→ What the task asks:
Once the images are set aside, return every entry exactly.

*** Data shown ***

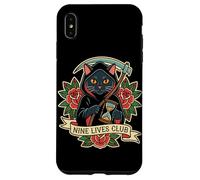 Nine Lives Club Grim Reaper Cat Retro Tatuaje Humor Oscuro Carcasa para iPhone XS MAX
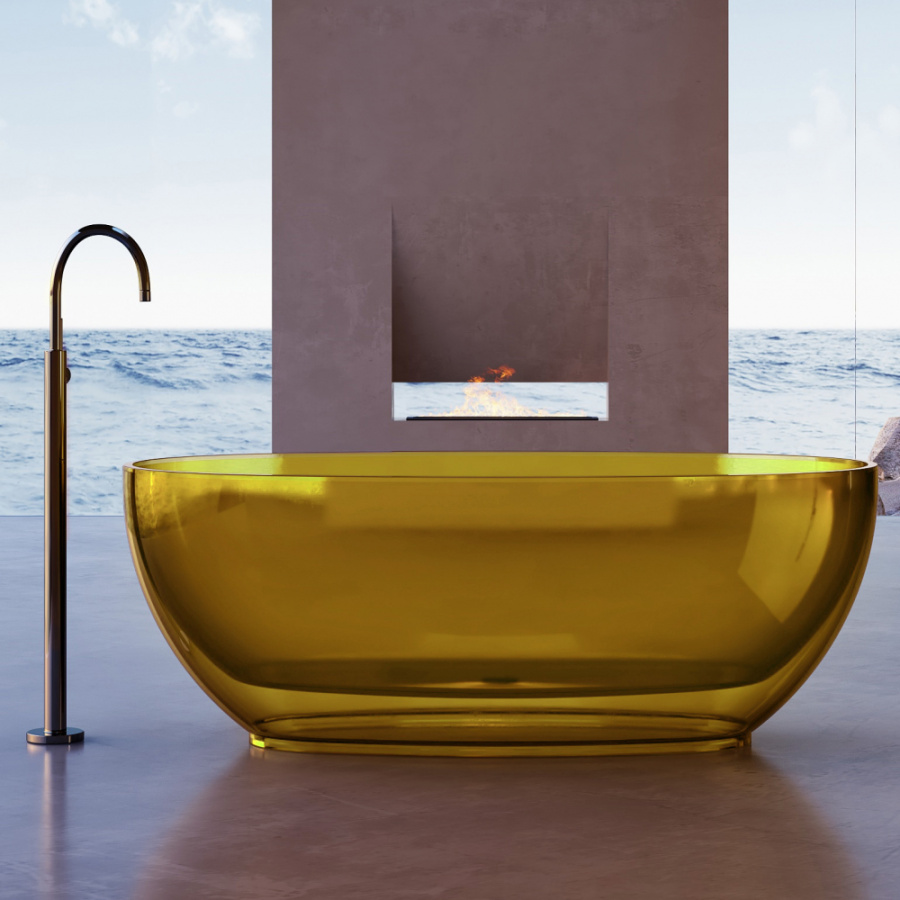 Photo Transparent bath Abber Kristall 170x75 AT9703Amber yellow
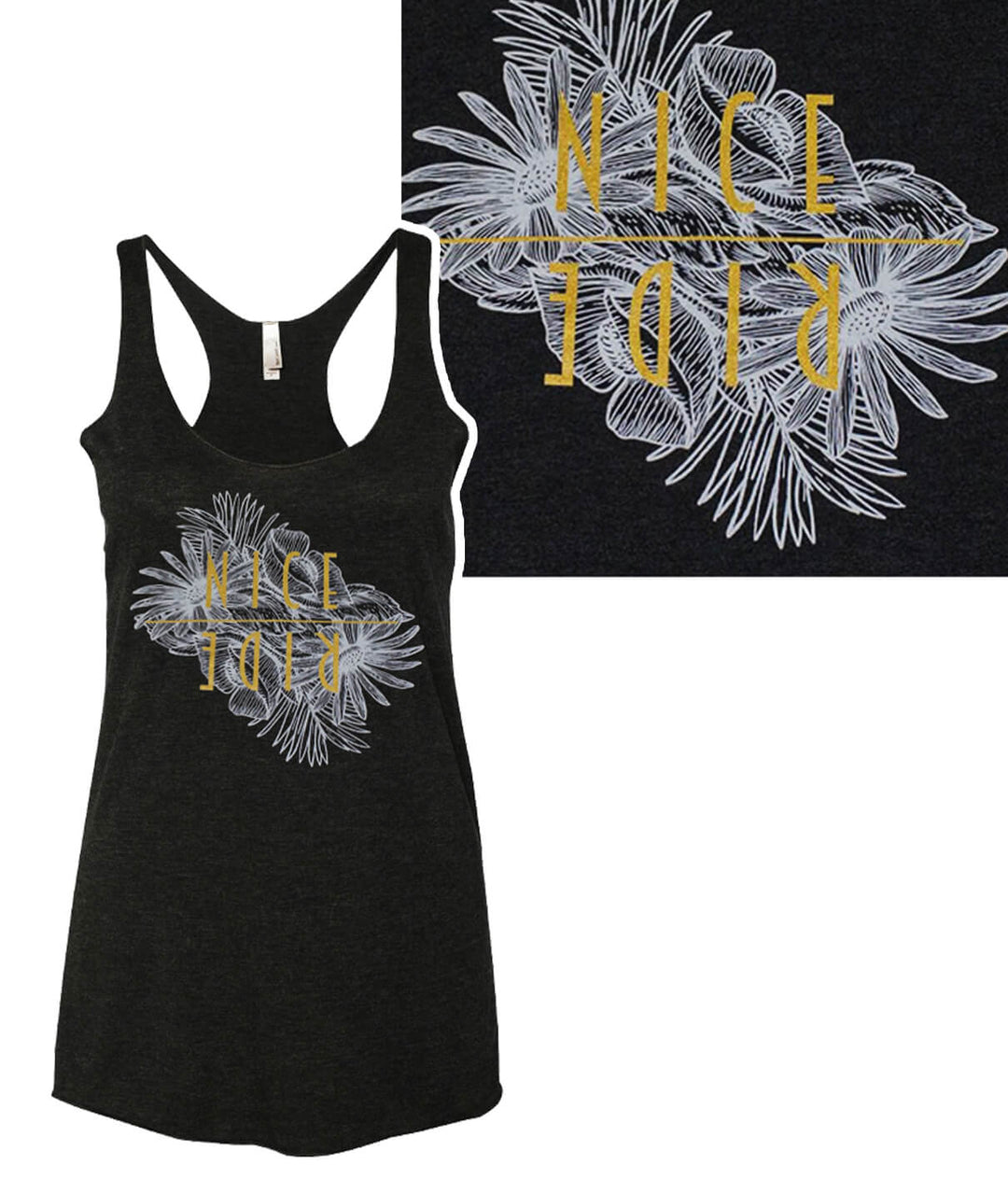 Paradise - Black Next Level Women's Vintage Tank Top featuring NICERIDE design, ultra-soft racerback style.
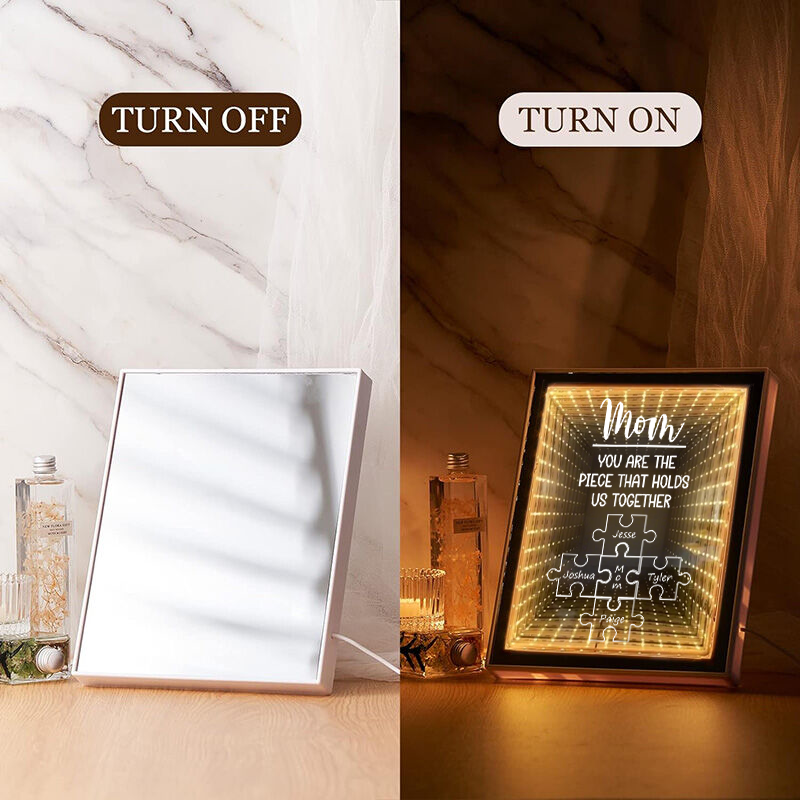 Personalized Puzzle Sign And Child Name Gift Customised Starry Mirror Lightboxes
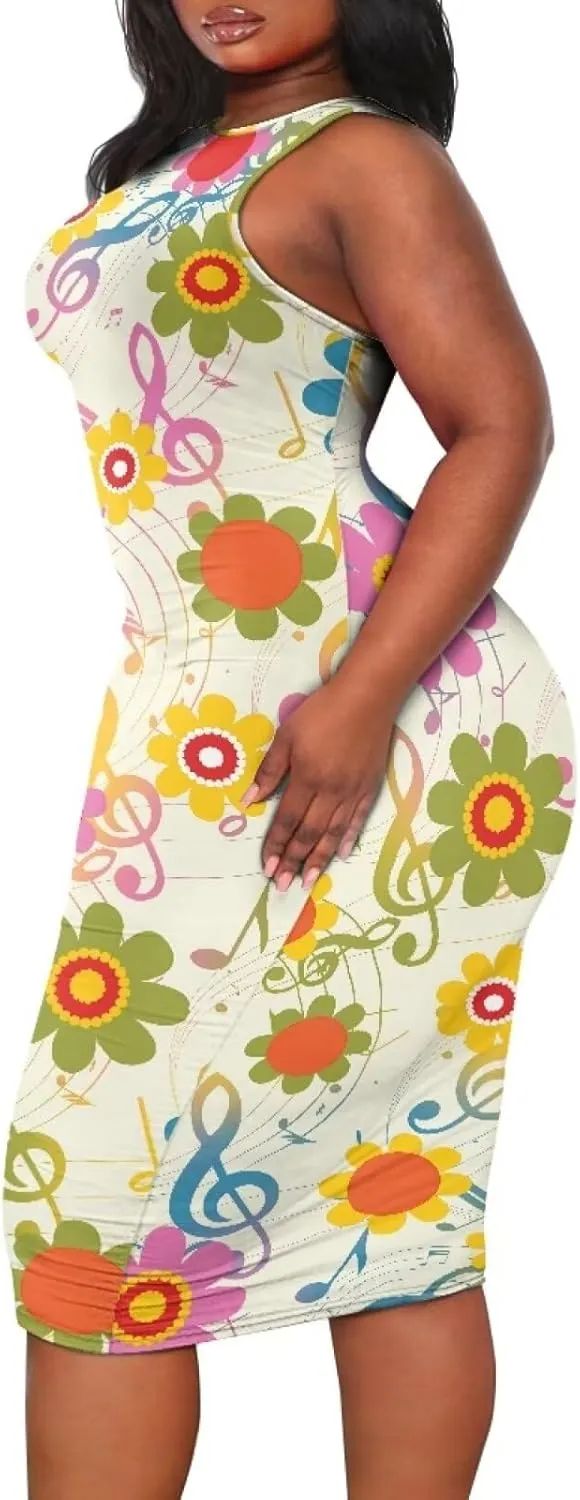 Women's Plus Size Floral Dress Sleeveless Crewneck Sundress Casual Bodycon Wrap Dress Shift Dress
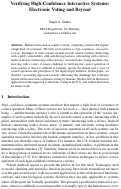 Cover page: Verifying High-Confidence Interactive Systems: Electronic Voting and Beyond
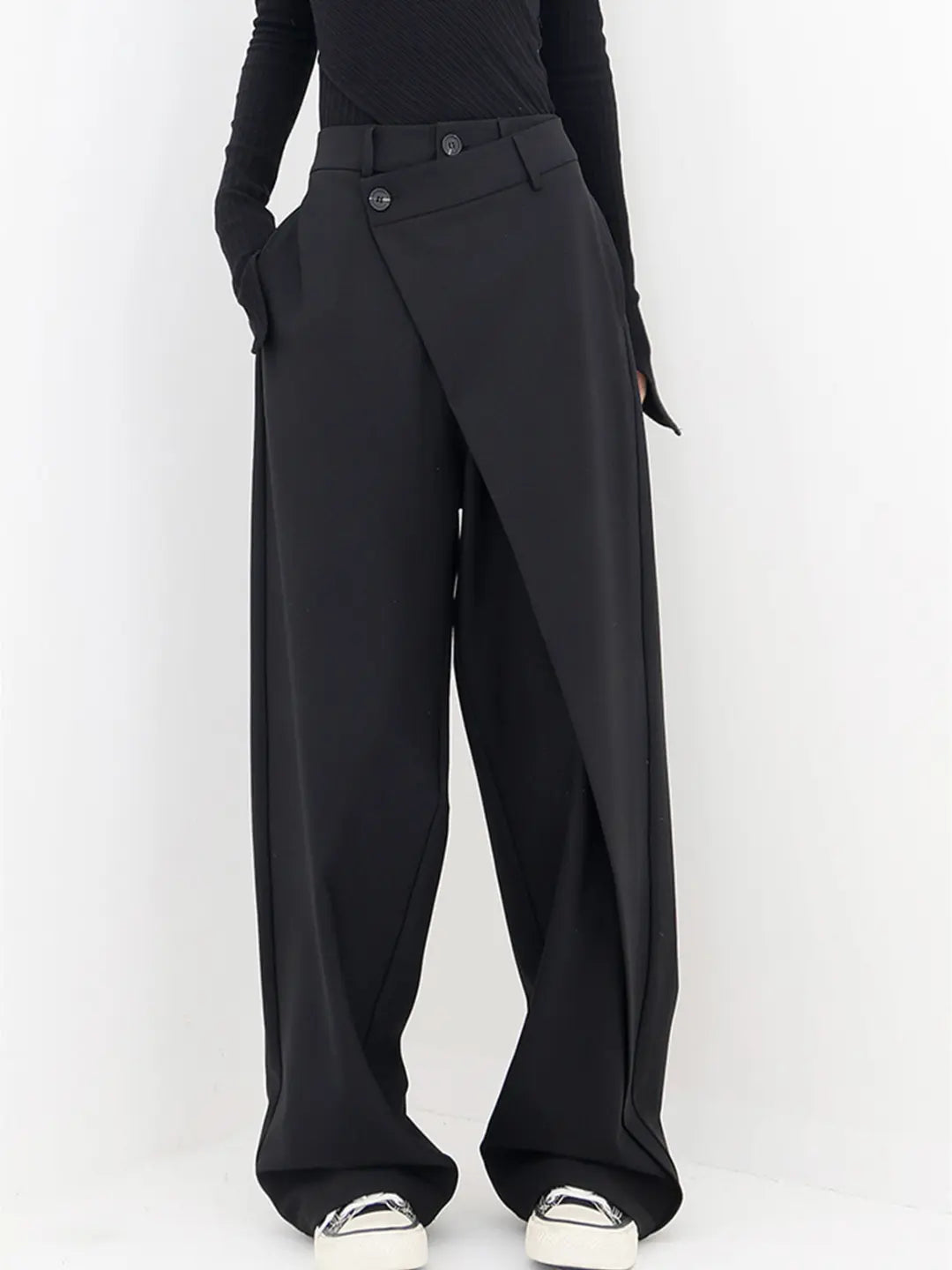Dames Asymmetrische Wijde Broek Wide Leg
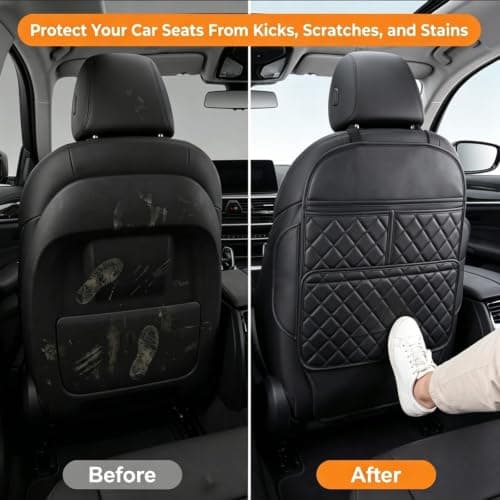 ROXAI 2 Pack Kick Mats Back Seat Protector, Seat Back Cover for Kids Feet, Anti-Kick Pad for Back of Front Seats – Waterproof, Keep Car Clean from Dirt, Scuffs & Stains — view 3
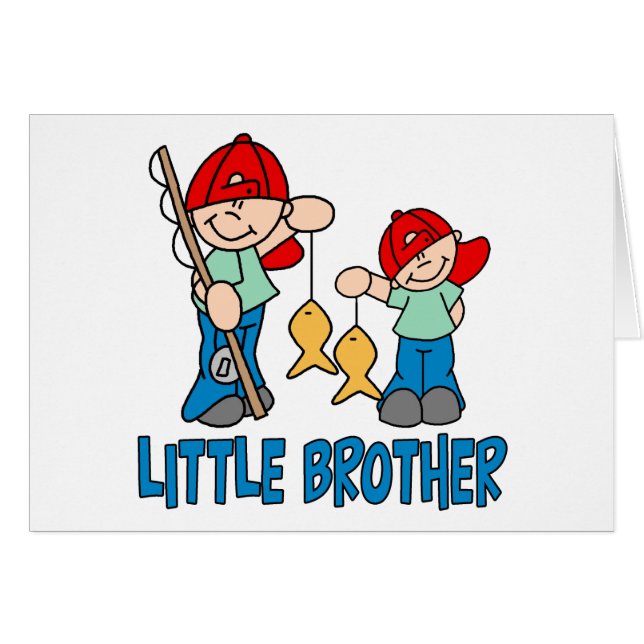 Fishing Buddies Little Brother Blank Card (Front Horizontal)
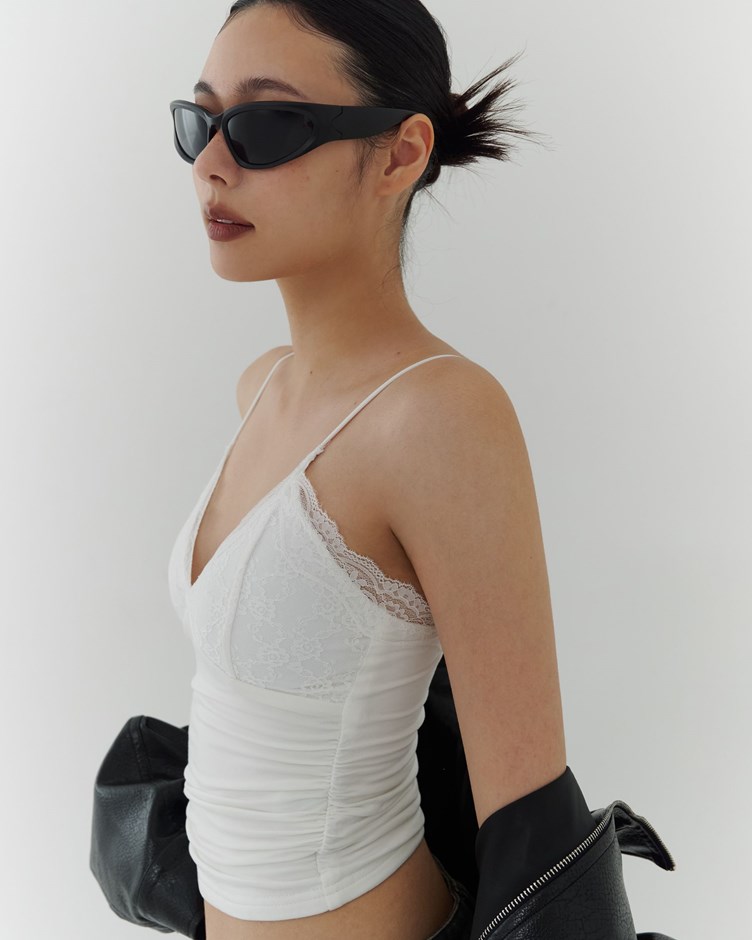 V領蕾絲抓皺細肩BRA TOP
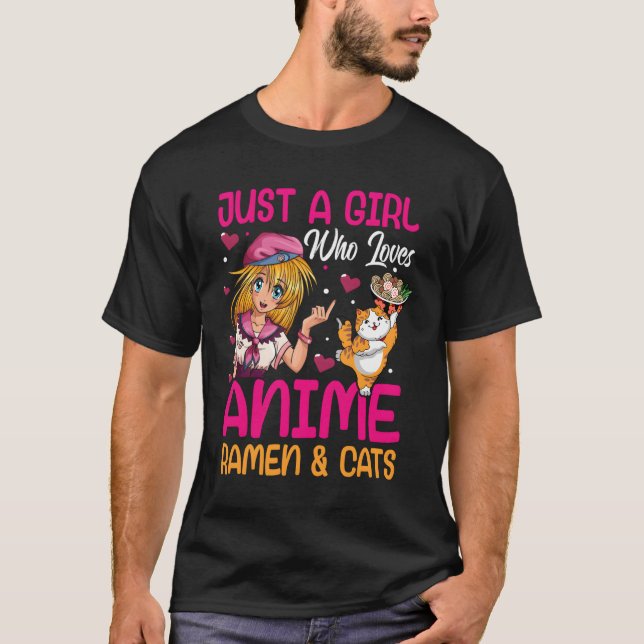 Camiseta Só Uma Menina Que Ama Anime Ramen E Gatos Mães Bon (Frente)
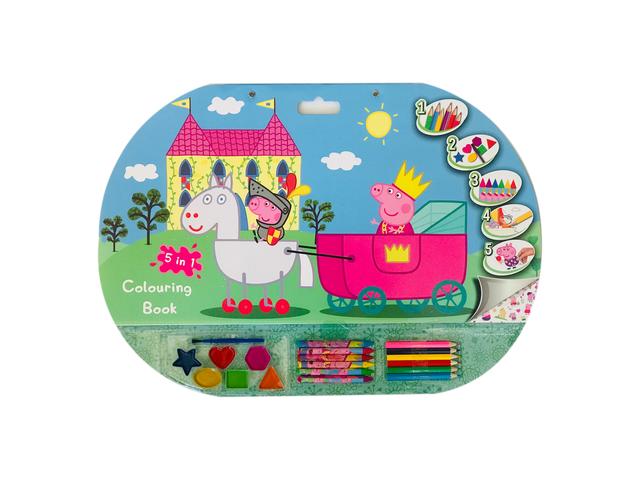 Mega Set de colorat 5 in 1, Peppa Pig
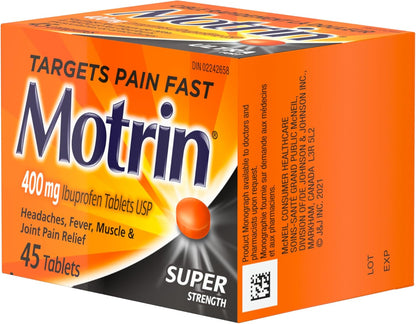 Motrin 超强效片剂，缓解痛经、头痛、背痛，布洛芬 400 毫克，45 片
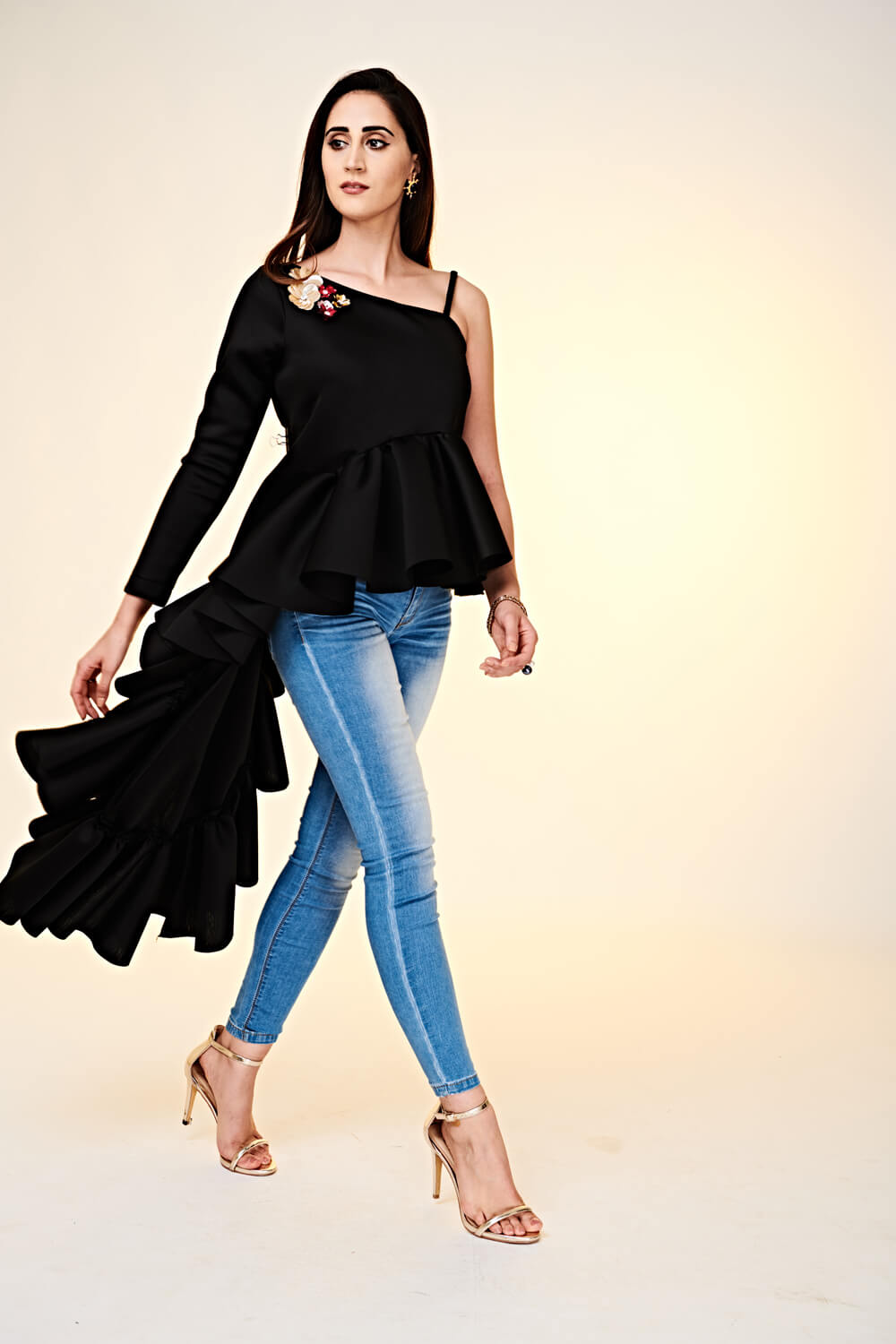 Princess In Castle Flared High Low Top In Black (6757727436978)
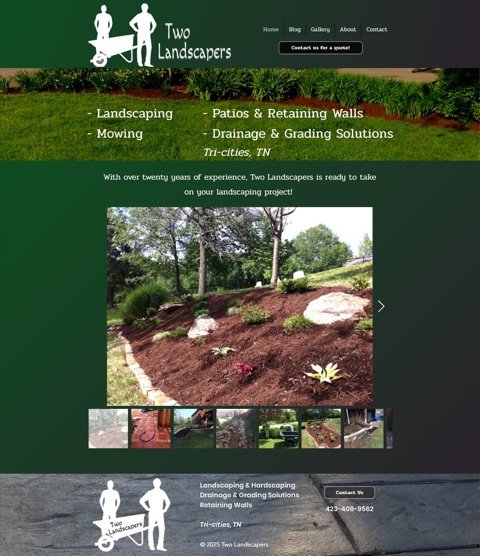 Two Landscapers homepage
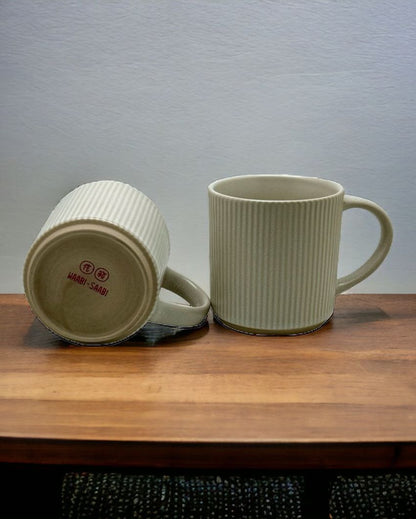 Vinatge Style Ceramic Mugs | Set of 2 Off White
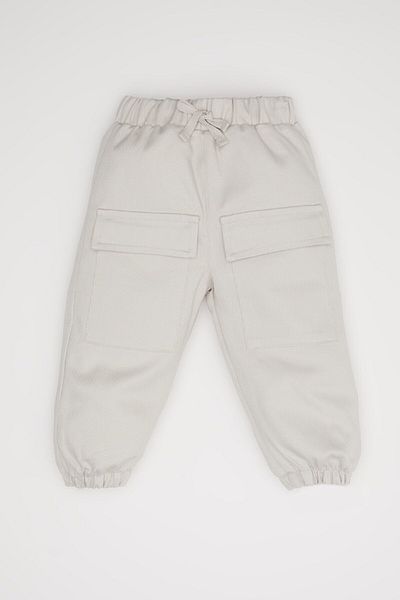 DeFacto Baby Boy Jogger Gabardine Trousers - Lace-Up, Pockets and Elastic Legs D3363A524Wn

***

→ Answer for this exercise:
 Nine Lives Club Grim Reaper Cat Retro Tatuaje Humor Oscuro Carcasa para iPhone XS MAX
 Photo Transparent bath Abber Kristall 170x75 AT9703Amber yellow
 Paradise - Black Next Level Women's Vintage Tank Top featuring NICERIDE design, ultra-soft racerback style.
 Personalized Puzzle Sign And Child Name Gift Customised Starry Mirror Lightboxes
 Women's Plus Size Floral Dress Sleeveless Crewneck Sundress Casual Bodycon Wrap Dress Shift Dress
 Cover page: Verifying High-Confidence Interactive Systems: Electronic Voting and Beyond
Dames Asymmetrische Wijde Broek Wide Leg
 ROXAI 2 Pack Kick Mats Back Seat Protector, Seat Back Cover for Kids Feet, Anti-Kick Pad for Back of Front Seats – Waterproof, Keep Car Clean from Dirt, Scuffs & Stains — view 3
 Fishing Buddies Little Brother Blank Card (Front Horizontal)
 V領蕾絲抓皺細肩BRA TOP
 Camiseta Só Uma Menina Que Ama Anime Ramen E Gatos Mães Bon (Frente)
 Mega Set de colorat 5 in 1, Peppa Pig
 Motrin 超强效片剂，缓解痛经、头痛、背痛，布洛芬 400 毫克，45 片
 Princess In Castle Flared High Low Top In Black (6757727436978)
 Two Landscapers homepage
 Vinatge Style Ceramic Mugs | Set of 2 Off White
 DeFacto Baby Boy Jogger Gabardine Trousers - Lace-Up, Pockets and Elastic Legs D3363A524Wn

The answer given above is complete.